This project focuses on developing an accurate time series sales forecasting model for Leveraging machine learning techniques, the project aims to predict future sales trends based on historical data to assist in strategic decision-making, inventory management, and revenue optimization.
-
Sales Trend Prediction: Develop robust forecasting models to project future sales across various time horizons.
-
Pattern Recognition: Identify seasonal trends, cyclic patterns, and key factors influencing sales.
-
Data-Driven Decision Making: Equip stakeholders with actionable insights to optimise sales operations.
-
Model Evaluation and Optimization: Compare multiple forecasting techniques to ensure the most accurate predictions.
Companies faces challenges in predicting sales trends, resulting in inventory inefficiencies and missed revenue opportunities. The goal of this project is to provide accurate forecasts that support business growth by implementing reliable forecasting models that can aid the company in improving:
- Demand planning and inventory management.
- Revenue growth through accurate forecasting.
- Resource allocation and budgeting.
The dataset consists of historical sales records containing various attributes essential for analysis.
| Column Name | Description |
|---|---|
| Order Date | Date and time of the sales transaction |
| Region | Geographical sales region |
| Customer Segment | Customer type (e.g., Consumer, Small Business) |
| Product Category | Category of product sold |
| Units Sold | Number of units sold |
| Unit Price | Price per unit |
| Revenue | Total revenue generated |
| Profit Margin | Profit margin percentage |
- Data cleaning: Handling missing values and duplicate records.

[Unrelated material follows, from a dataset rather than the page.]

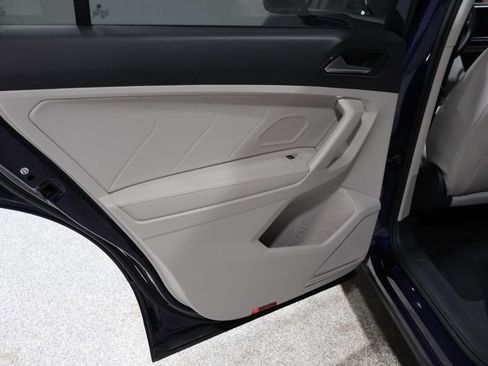 Used 2022 Volkswagen Tiguan SE image 18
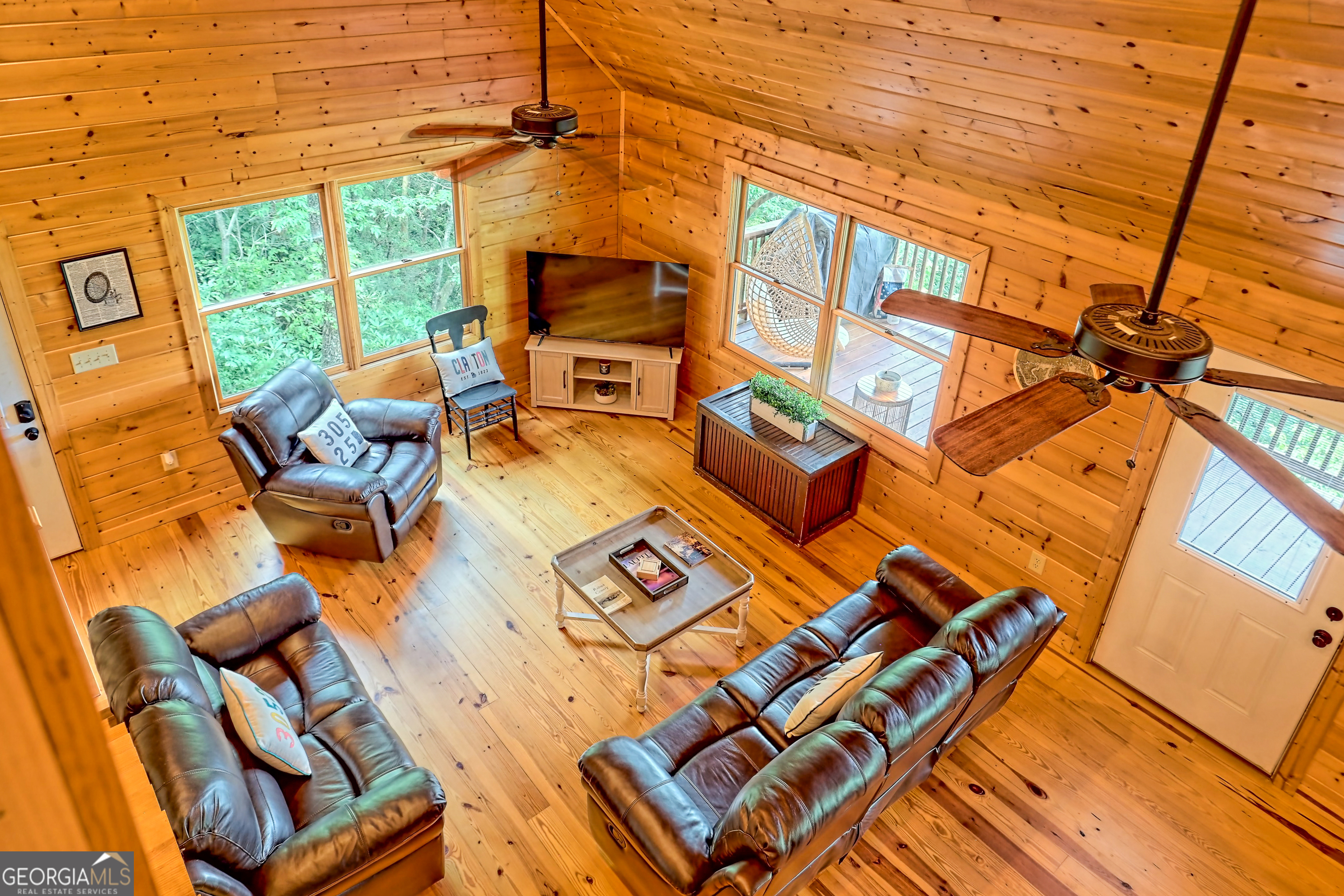 Clayton, Georgia 30525, United States, 3 Bedrooms Bedrooms, ,3 BathroomsBathrooms,Residential,Active,16095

- Feature engineering: Creating time-based features (e.g., month, year, quarter).
- Sales trends analysis.
- Seasonal decomposition to identify underlying patterns.
- Correlation analysis to determine factors affecting sales.
The project explores multiple time series forecasting models, including:
Traditional Models:
- Autoregressive Integrated Moving Average (ARIMA)
- Exponential Smoothing (Holt-Winters)
Machine Learning Approaches:
- Facebook Prophet (for weekly and monthly sales forecasting)
- Long Short-Term Memory (LSTM) Networks
Performance metrics used to assess model accuracy:
- Mean Absolute Error (MAE): Measures average error in prediction.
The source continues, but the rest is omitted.